I'm trying to do a massive data accumulation on college basketball teams. This link: https://www.teamrankings.com/ncb/stats/ has a TON of team stats.
I have tried to write a script that scans all the desired links (all Team Stats) from this page, finds the rank of the specified team (an input), then returns the sum of that teams ranks from all links.

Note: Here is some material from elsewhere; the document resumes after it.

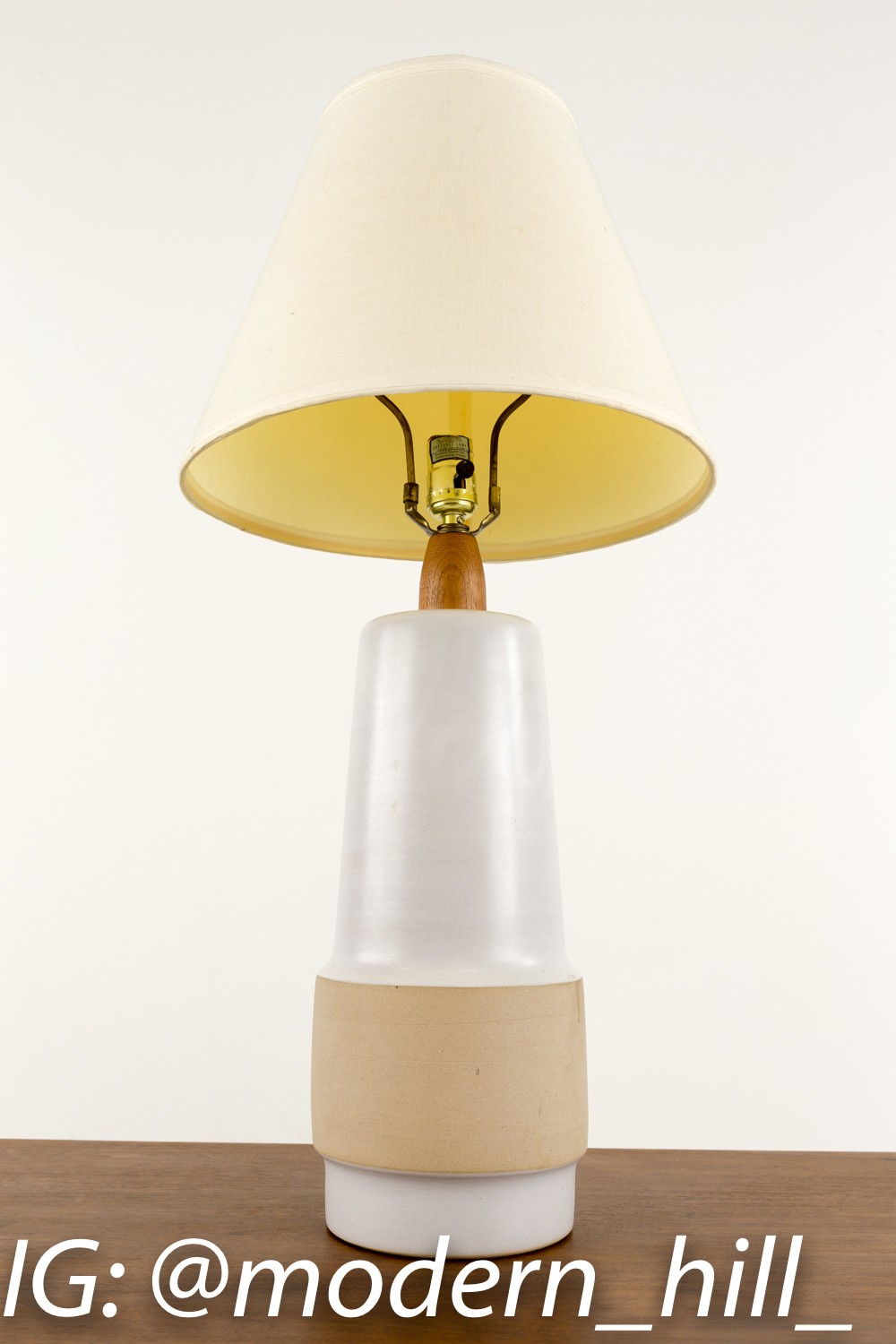 Mid-century Modern Gordon Martz Beige Pottery Table Lamp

I graciously found this: https://gist.github.com/phillipsm/404780e419c49a5b62a8
...which is GREAT!
But I must have something wrong because I'm getting 0
Here's my code:
import requests
from bs4 import BeautifulSoup
import time
url_to_scrape = 'https://www.teamrankings.com/ncb/stats/'
r = requests.get(url_to_scrape)
soup = BeautifulSoup(r.text, "html.parser")
stat_links = []
for table_row in soup.select(".expand-section li"):
table_cells = table_row.findAll('li')
if len(table_cells) > 0:
link = table_cells[0].find('a')['href']
stat_links.append(link)
total_rank = 0
for link in stat_links:
r = requests.get(link)
soup = BeaultifulSoup(r.text)
team_rows = soup.select(".tr-table datatable scrollable dataTable no-footer tr")
for row in team_rows:
if row.findAll('td')[1].text.strip() == 'Oklahoma':
rank = row.findAll('td')[0].text.strip()
total_rank = total_rank + rank
print total_rank
Check out that link to double check I have the correct class specified. I have a feeling the problem might be in the first for loop where I select an li tag then select all li tags within that first tag, I dunno.
I don't use Python so I'm unfamiliar with any debugging tools. So if anyone wants to forward me to one of those that would be great!